Pols to Junior: Tell all
Probers threaten subpoenas
THE SENATE Judiciary Committee wants to hear Donald Trump Jr.’s account of his 2016 muckraking meet-up with a Russian lawyer.
Sen. Chuck Grassley (R-Iowa) said his committee will reach out by letter to the real estate scion regarding the recently revealed emails shared between Trump Jr. and music publicist Rob Goldstone.
If the younger Trump doesn’t agree to show up, a subpoena will follow, he said.
Both Grassley and Democratic Sen. Dianne Feinstein said they would like Trump Jr. to testify in the near future as part of their probe into Russian meddling during the presidential campaign.
Panel members will be free to ask “anything they want to ask,” Grassley said Thursday.
Witnesses who decline to answer subpoenas can be held in contempt. A lawyer for Trump Jr. did not comment Thursday, but his client expressed a willingness to testify under oath.
“In retrospect, I probably would have done things a little differently,” Trump Jr. said Tuesday night on Fox News.
On Tuesday, Donald Jr. posted a series of emails in which Goldstone offered him an opportunity to receive damaging information about Hillary Clinton from the Russian government.
Trump Jr. said that a June 9, 2016, meeting followed — but no meaningful information changed hands during the Trump Tower get-together. Other attendees included his brother-in-law, Jared Kushner, and former Trump campaign chairman Paul Manafort.
But the emails showed Trump Jr. appeared eager to accept negative information from the Russians as his father ran for the White House against Clinton.
Manafort could also appear next week before the committee in its ongoing Russia probe.
President Trump, meanwhile, defended his son during a joint news conference with the French president in Paris.
“My son is a wonderful young man who took a meeting with a Russian lawyer — not a government lawyer, but a Russian lawyer,” Trump said.
In the emails, the attorney was described as working for the “Russian government,” having Clinton dirt courtesy of “Russia and its government’s support for Mr.
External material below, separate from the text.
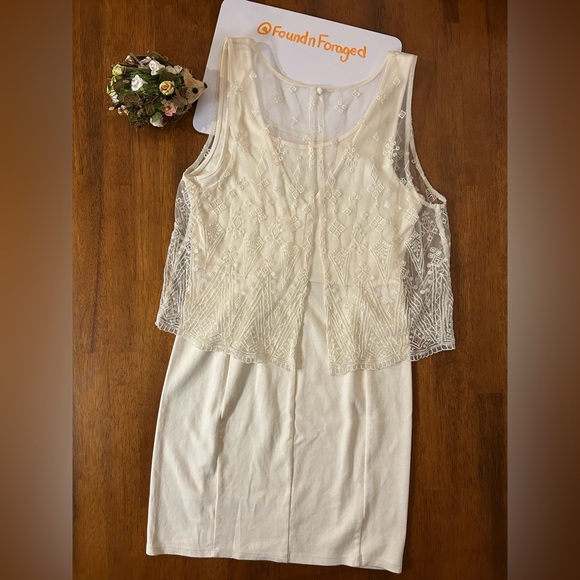 Ivory Embroidered Lace Overlay Short Dress | Size 6 | American Eagle - Picture 7 of 16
Trump.”
The President blamed Obamaera Attorney General Loretta Lynch for allowing the lawyer into the country in the first place — a charge Lynch denied.
As the Daily News first reported Wednesday, the Manhattan U.S. Attorney’s office provided lawyer Natalia Veselnitskaya with a waiver allowing her to enter the country without a visa for a case — but that “parole letter” expired months before the June 2016 meeting.